As is customary with most train services in India, Coach Composition may be amended at the discretion of Indian Railways depending on demand.

==Service==

The 12035 Jaipur Agra Fort Shatabdi Express covers the distance of 241 kilometres in 03 hours 30 mins (68.86 km/h) and in 04 hours 20 mins as 12036 Agra Fort Jaipur Shatabdi Express (55.62 km/h).

As the average speed of the train is above 55 km/h, as per Indian Railway rules, its fare includes a Superfast surcharge.

==Routeing==

The 12035 / 36 Jaipur Agra Fort Shatabdi Express runs from Jaipur Junction via Gandhinagar Jaipur, Bharatpur Junction to Agra Fort.

Being a Shatabdi class train, it returns to its originating station Jaipur Junction at the end of the day.

==Loco link==

As the route is yet to be electrified, a Bhagat Ki Kothi based WDP 4 powers the train for its entire journey.
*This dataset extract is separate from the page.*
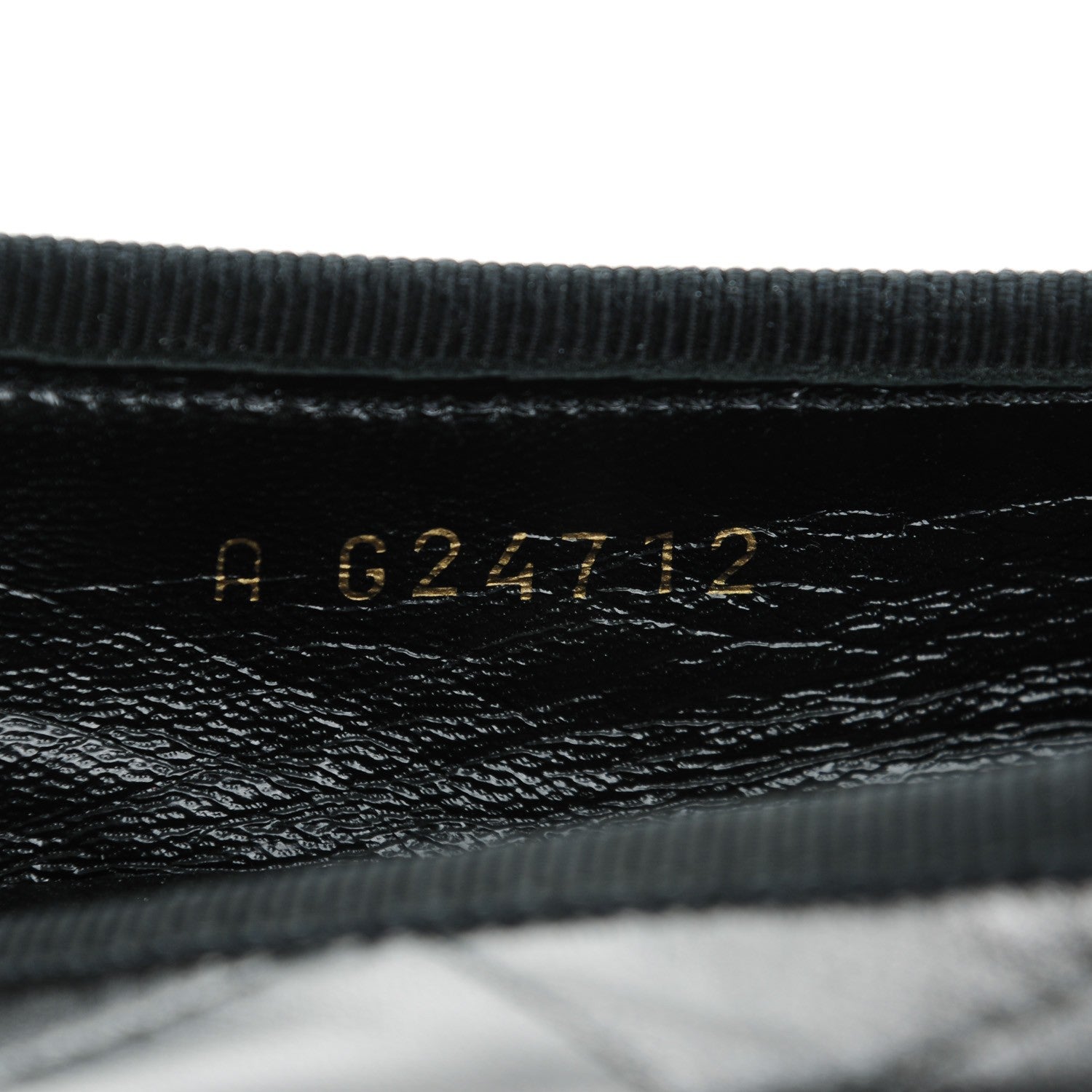 Chanel Lambskin Quilted Cambon Ballerina Flats 36.5 Black 8 of 9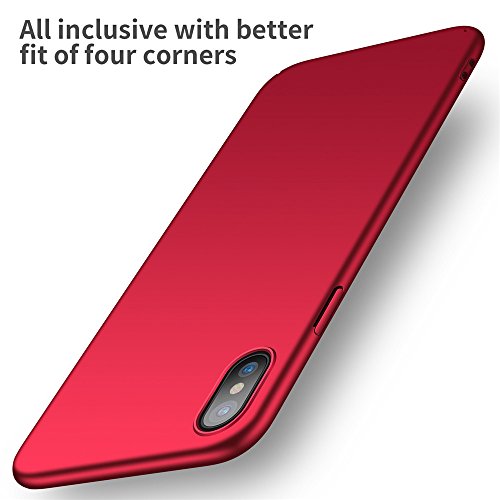 GOGME Cover iPhone X, Custodia Semplice e Bello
After that due to small in size the engine is replaced with WDM 3A of ABR railway station.

==Timings==

12035 Jaipur Agra Fort Shatabdi Express leaves Jaipur Junction every day except Thursday at 07:05 hrs IST and reaches Agra Fort at 10:35 hrs IST the same day.

12036 Agra Fort Jaipur Shatabdi Express leaves Agra Fort every day except Thursday at 18:00 hrs IST and reaches Jaipur Junction at 22:20 hrs IST the same day.